In the records that follow, the lines from the one containing "Jenny in Downtown" to the one containing "découvrez notre assurance", inclusive, are to be given again exactly.
START Material for this task
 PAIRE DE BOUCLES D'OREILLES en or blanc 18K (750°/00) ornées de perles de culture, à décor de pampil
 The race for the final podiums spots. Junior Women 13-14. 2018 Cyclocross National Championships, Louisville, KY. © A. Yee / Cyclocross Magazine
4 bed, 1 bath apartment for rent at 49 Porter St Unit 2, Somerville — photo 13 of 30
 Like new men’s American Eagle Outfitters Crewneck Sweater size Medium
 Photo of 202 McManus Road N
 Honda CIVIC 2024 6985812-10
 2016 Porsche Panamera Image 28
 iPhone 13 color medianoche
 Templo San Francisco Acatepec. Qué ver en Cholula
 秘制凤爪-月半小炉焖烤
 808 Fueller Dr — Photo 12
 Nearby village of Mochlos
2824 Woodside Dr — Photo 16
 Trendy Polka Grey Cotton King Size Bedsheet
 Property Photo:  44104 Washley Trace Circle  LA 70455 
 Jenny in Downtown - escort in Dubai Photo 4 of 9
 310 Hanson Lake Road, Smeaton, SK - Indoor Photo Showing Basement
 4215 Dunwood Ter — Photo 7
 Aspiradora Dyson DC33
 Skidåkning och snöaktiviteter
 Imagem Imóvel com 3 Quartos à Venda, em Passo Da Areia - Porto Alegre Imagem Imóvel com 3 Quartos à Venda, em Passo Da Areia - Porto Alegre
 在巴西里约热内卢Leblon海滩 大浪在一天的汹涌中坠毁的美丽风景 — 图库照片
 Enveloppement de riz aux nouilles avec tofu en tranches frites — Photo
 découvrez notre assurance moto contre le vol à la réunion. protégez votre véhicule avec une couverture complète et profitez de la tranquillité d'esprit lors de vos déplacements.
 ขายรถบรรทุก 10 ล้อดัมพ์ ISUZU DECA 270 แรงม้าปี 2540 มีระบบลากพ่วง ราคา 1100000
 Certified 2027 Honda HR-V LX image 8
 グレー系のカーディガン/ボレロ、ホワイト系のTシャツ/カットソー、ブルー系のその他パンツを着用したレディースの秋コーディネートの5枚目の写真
END Material for this task
▶ Answer section:
 Jenny in Downtown - escort in Dubai Photo 4 of 9
 310 Hanson Lake Road, Smeaton, SK - Indoor Photo Showing Basement
 4215 Dunwood Ter — Photo 7
 Aspiradora Dyson DC33
 Skidåkning och snöaktiviteter
 Imagem Imóvel com 3 Quartos à Venda, em Passo Da Areia - Porto Alegre Imagem Imóvel com 3 Quartos à Venda, em Passo Da Areia - Porto Alegre
 在巴西里约热内卢Leblon海滩 大浪在一天的汹涌中坠毁的美丽风景 — 图库照片
 Enveloppement de riz aux nouilles avec tofu en tranches frites — Photo
 découvrez notre assurance moto contre le vol à la réunion. protégez votre véhicule avec une couverture complète et profitez de la tranquillité d'esprit lors de vos déplacements.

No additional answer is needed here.